D’altro canto, la figura dello stesso Bonaccini non può essere letta con un taglio puramente politico, quello che una volta si sarebbe detto derivare dalla “politique politicienne”, attribuendogli una connotazione passatista. Il recente riconoscimento del valore di una donna politica avversaria, come la premier Meloni, la quale si sta muovendo con molta ponderazione (inimmaginabile prima delle elezioni), gli ha fatto onore, anche perché è uscito da uno schema di contrapposizioni stereotipate e predeterminate. Non è stato quel riconoscimento a determinare la sconfitta di Bonaccini, che comunque è uno dei leader più prestigiosi del partito, la cui proposta politica appare pur sempre razionale e fondata. Egli, inoltre, è un uomo ancora giovane, seppur meno giovane della concorrente. Dunque, non sono questi gli aspetti centrali della vicenda. La contrapposizione tra Schlein e Bonaccini non può essere letta nei termini “gioventù versus maturità” e neppure tramite la dicotomia di un’identità fortemente di sinistra e di una moderatamente di sinistra (seppur sia lecito collocare le rispettive proposte politiche dei due candidati anche in una prospettiva di maggiore o minore radicalità).

Credo che la questione di fondo su cui ruota l’intera vicenda sia quella della natura dei partiti. In altri termini, nella prospettiva di chi è andato a votare, la posta in gioco era quella della natura del partito, se “aperta” o “chiusa”. Ciò che interessava era quale dei due contendenti avrebbe dato maggiore garanzia di apertura del partito oppure, rovesciando il senso della domanda, chi dei due, con maggiore probabilità, si sarebbe inserito nella scia di continuità dell’attuale PD, mantenendo la struttura organizzativa e il personale preesistente. La risposta al quesito è stata netta: la possibilità di cambiare il partito nel senso della sua apertura all’esterno si fondava, più che sulla proposta politica della Schlein, sulla stessa figura di quest’ultima, perché eterogenea rispetto all’apparato e esterna alle logiche organizzative finora dominanti. Bonaccini, quindi, ha avuto un solo torto: quello di apparire come colui che avrebbe riavviato il motore di una macchina, senza preoccuparsi di restaurare la carrozzeria e di revisionare la meccanica.

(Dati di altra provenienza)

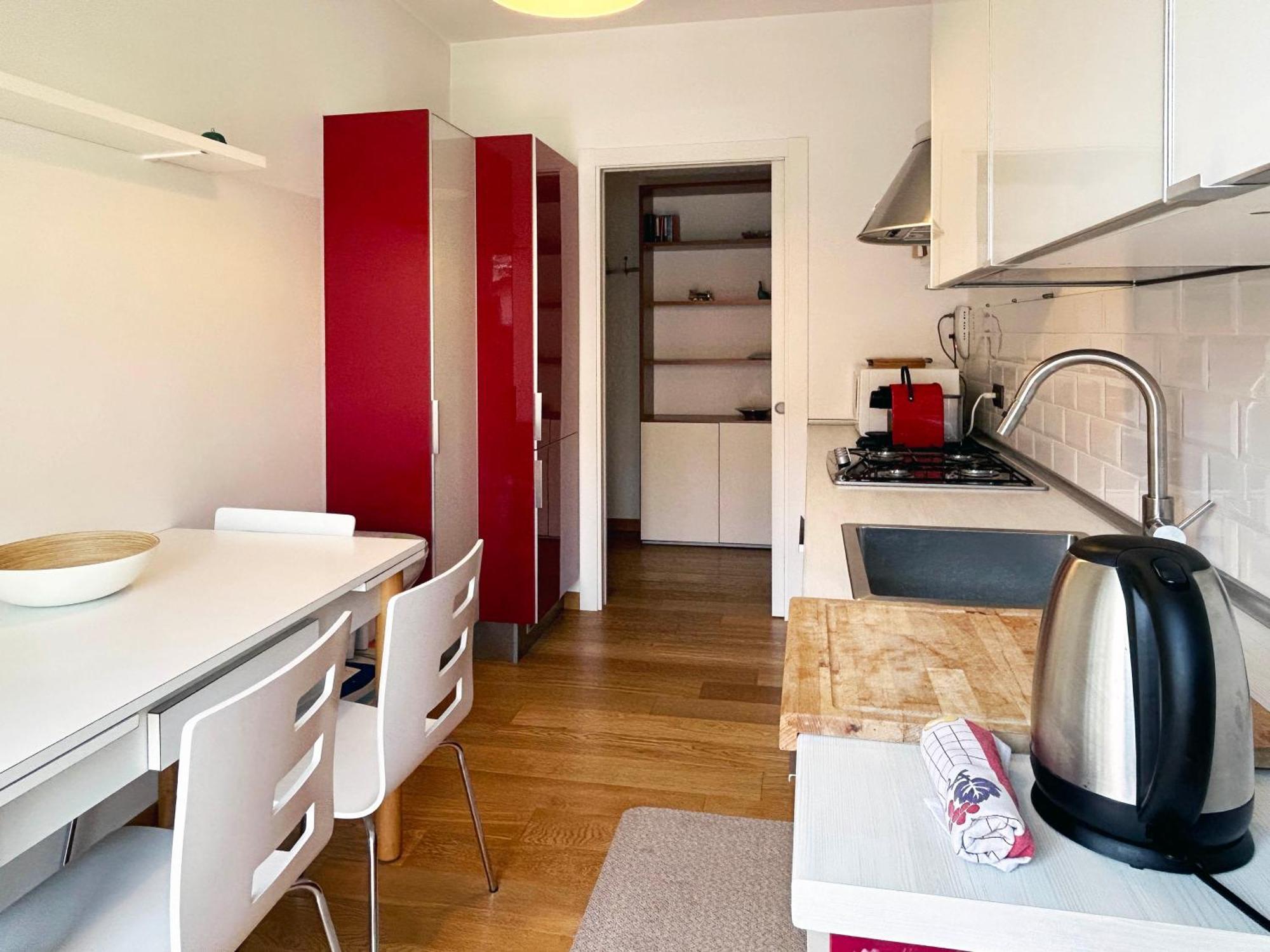 Comfortable Apartment In The Heart Of Лекко Экстерьер фото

In un articolo del 6 febbraio scorso, Sabino Cassese, sul Corriere della Sera raccontava che nei primi anni di vita della Repubblica andava a votare il 90% per cento della popolazione e gli iscritti ai partiti erano più dell’8 per cento. I partiti erano associazioni radicate nella società, organizzazioni talvolta di grandi dimensioni, ma dotate di vitalità. Oggi sono comitati elettorali prigionieri della personalizzazione e talvolta negano perfino il nome di “partiti”, preferendo definirsi come “movimenti”. Una volta discutevano di grandi temi, come la nazionalizzazione elettrica, la scuola media dell’obbligo, il servizio sanitario nazionale, ecc. Oggi i partiti sono prigionieri di tematiche derivanti dall’agenda setting quotidiana. Non c’è più il contributo degli intellettuali all’elaborazione delle proposte politiche, che derivano invece dai sondaggi.

Essi sono sempre più autoreferenziali e, se da un lato cercano consenso, dall’altro stanno bene attenti a non coinvolgere gente esterna, che non appartiene all’apparato e non è stata cooptata. Pochi partiti indicono i congressi, ancora meno sono quelli che indicono assemblee degli iscritti. Gli iscritti sono utili per il consenso, ma è meglio che stiano zitti e non disturbino i conducenti.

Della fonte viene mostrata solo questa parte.